The content curated by OER Commons includes hundreds of full-length textbooks on subjects from the Arabic language to physics, lesson plans, audio lectures, online courses and games.

Many larger content creators and free content repositories also feature filters so users can search for content by subject, standard and grade. Other websites, such as the Library of Congress, offer material in a few core subjects.

A growing number of states and school districts are also sharing their curriculum online. New York State, for example, offers a full K12 Common Core curriculum in English and math.

Supplemental material that enhances curriculum but doesn’t replace traditional textbooks is still the most common online resource. The National Park Service offers hundreds of student activities, lesson plans and supplemental classroom material, mainly in social studies and science. The Kennedy Center’s ArtsEdge website features lessons and material on using art to teach numerous subjects. And PBS LearningMedia’s digital library has thousands of free videos, quizzes and games.

Alicia Levi, vice president of PBS LearningMedia, says PBS tries to address what she dubs the “Sunday night problem”—educators trying to plan their week by searching for safe and trusted material to augment lessons. Time is a valuable resource for educators, she adds.
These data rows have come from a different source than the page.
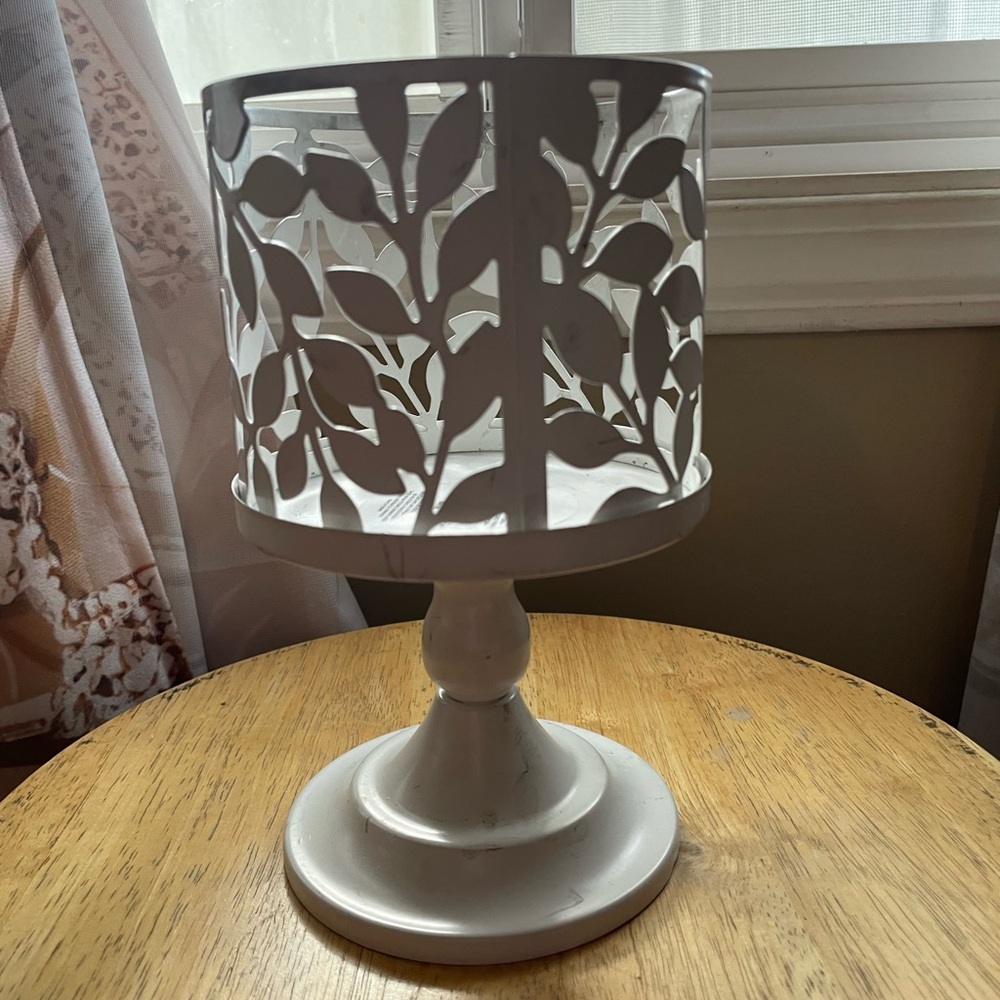 Bath & Body Works White Leaf Candle Holder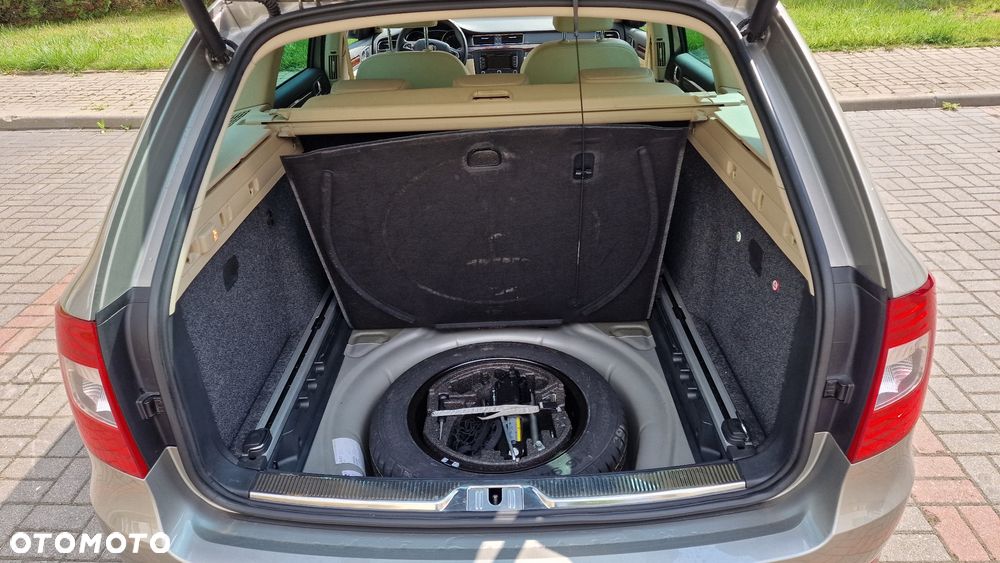 Skoda Superb 1.8 TSI Platinum DSG - 28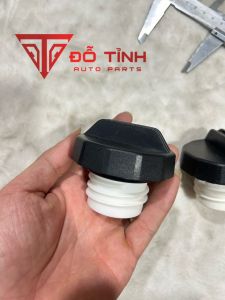 Nắp dầu xe tải HYUNDAI. Nắp bình xăng xe ô tô nhựa  xoáy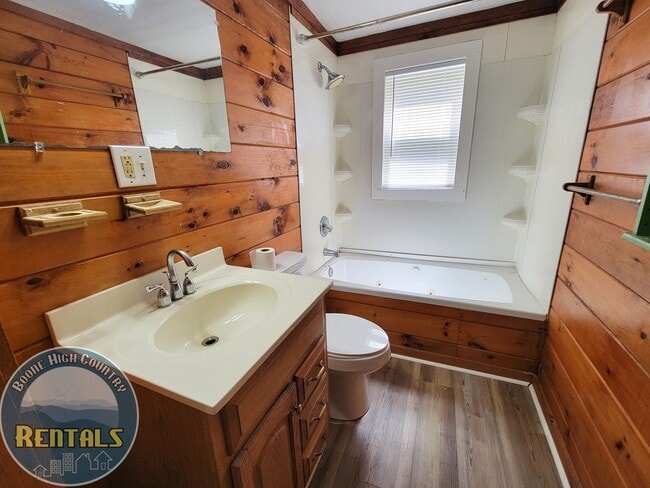 Building Photo - 2212 Silverstone-Zionville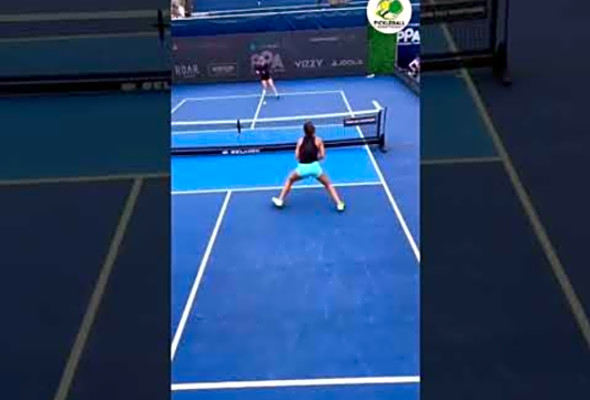 Watch This Rare Women&#039;s Singles Pickleball Match! #pickleball #pickleballgame #beginner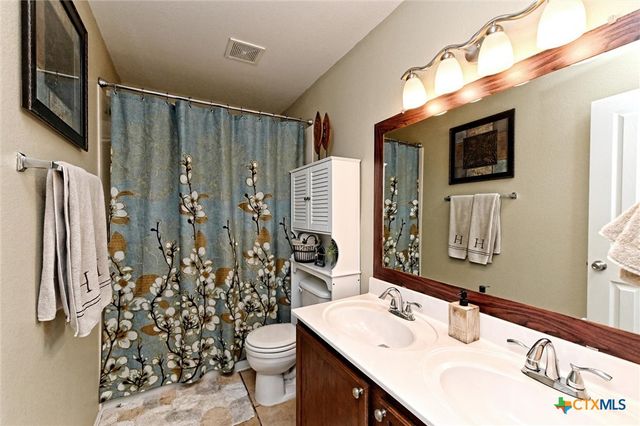 18608 Royal Pointe Drive, Pflugerville, TX 78660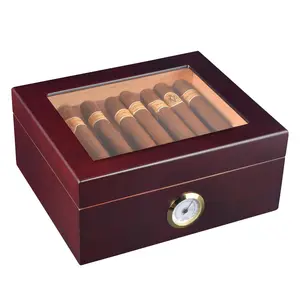 صندوق تخزين سجائر كبير السعة مصنوع من خشب الصنوبر عالي الجودة ومخصص حسب الطلب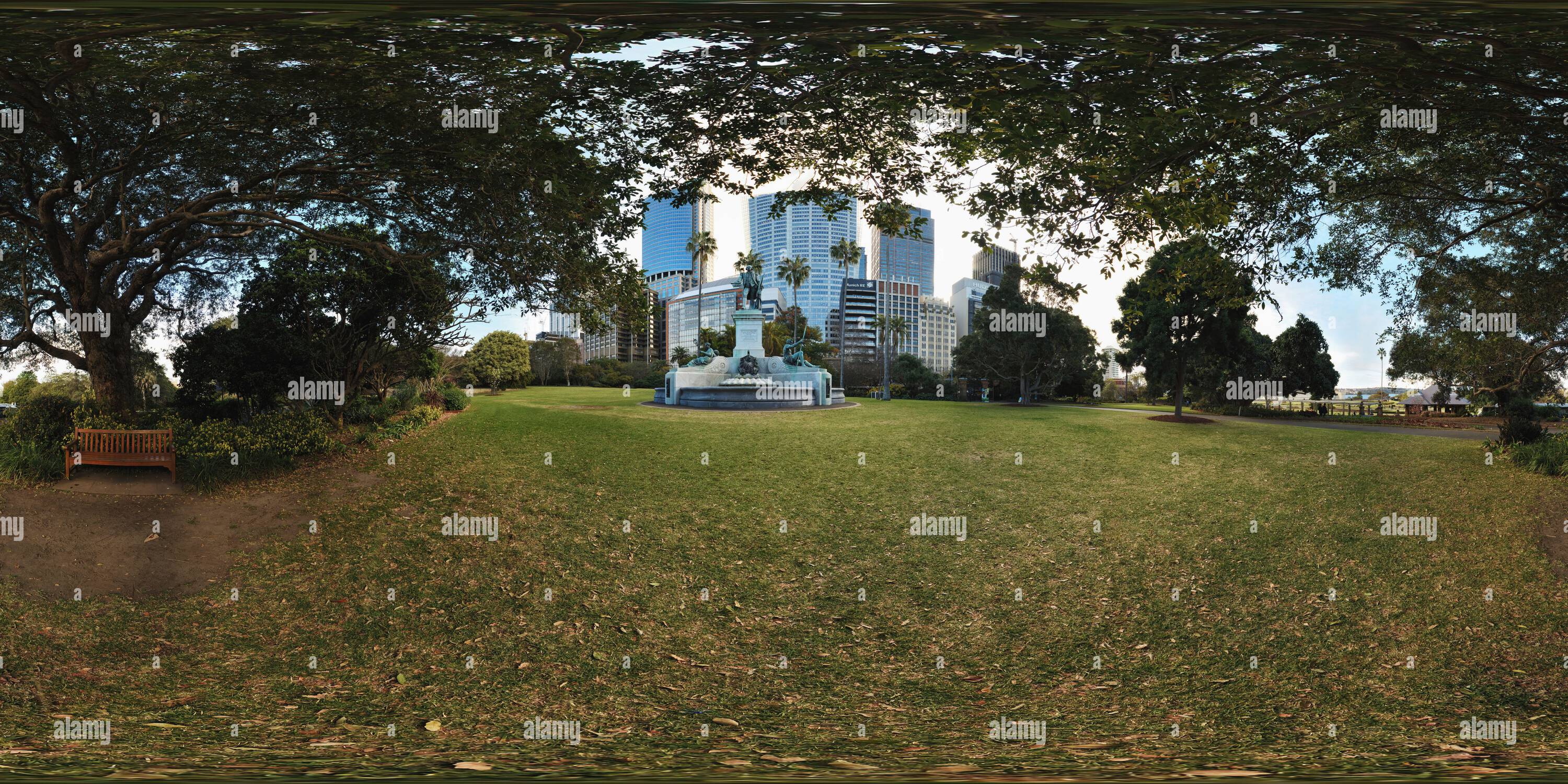 Vue panoramique à 360° de Panorama à 360 degrés de la fontaine Governor Phillip, de la statue du capitaine Arthur Phillip, 1897, et de la Skyline du quartier des affaires de Sydney, jardins botaniques royaux, Sydney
Apps and development resources

Many free-content websites offer programs to manage curriculum and track student learning. After teachers sign up for Khan Academy, for example, they get a personalized dashboard where they can create pages for individual classes, set learning goals and track assignments.

Teachers can use a new PBS lesson-builder tool to select resources from a digital library and then add in additional elements, such as quizzes. PBS handles assignments the same way that Khan Academy does—teachers give out a code so students can access online data and quizzes without creating an account.
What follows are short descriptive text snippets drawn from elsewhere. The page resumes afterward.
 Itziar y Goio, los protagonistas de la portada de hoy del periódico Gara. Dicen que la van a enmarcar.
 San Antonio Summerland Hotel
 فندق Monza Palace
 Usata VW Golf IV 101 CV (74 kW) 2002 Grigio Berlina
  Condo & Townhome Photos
Another popular offering from PBS is Storyboard, an online program that allows teachers to create presentations using content from both PBS and other resources. Programs like Storyboard can also provide an easy way to differentiate instruction, says Amanda Haughs, a teacher on special assignment as a K5 math & tech integration coach at Campbell USD in San Jose, California.

Haughs, formerly a fifth grade teacher, used Storyboard to help a fourth-grade science teacher assemble demonstration videos in Spanish, quizzes and supplemental aids for an English-language learner who needed extra help.

SAS Curriculum Pathways has been developing free online curricula for a few years, but its biggest growth has been in mobile apps, says Scott McQuiggan, company director. The most popular SAS download is called Writing Reviser, which walks students through the writing-and-revision process for assignments.

When Tullahoma teachers and administrators created their digital social studies and math textbooks for use in most grades, Lawson insisted content be platform- agnostic—meaning it could be accessible on any device and the district wouldn’t be tied to using one particular technology.

Tullahoma used CK12’s Flexbooks—an online platform for creating highly adaptable textbooks—because the program was not only free and compatible with any device, but it allowed the district to search through other districts’ work and use that as a starting point for its own textbooks. Tullahoma’s books can now be viewed and searched by others, and Lawson says districts call and want to talk about the move to OER.

With Flexbooks, Tullahoma can track changes made to the main district-created textbook, while teachers are free to add and revise individual classroom versions. “Teachers have often enriched and updated their curriculum,” Lawson says, “They just haven’t had a structure like this before.”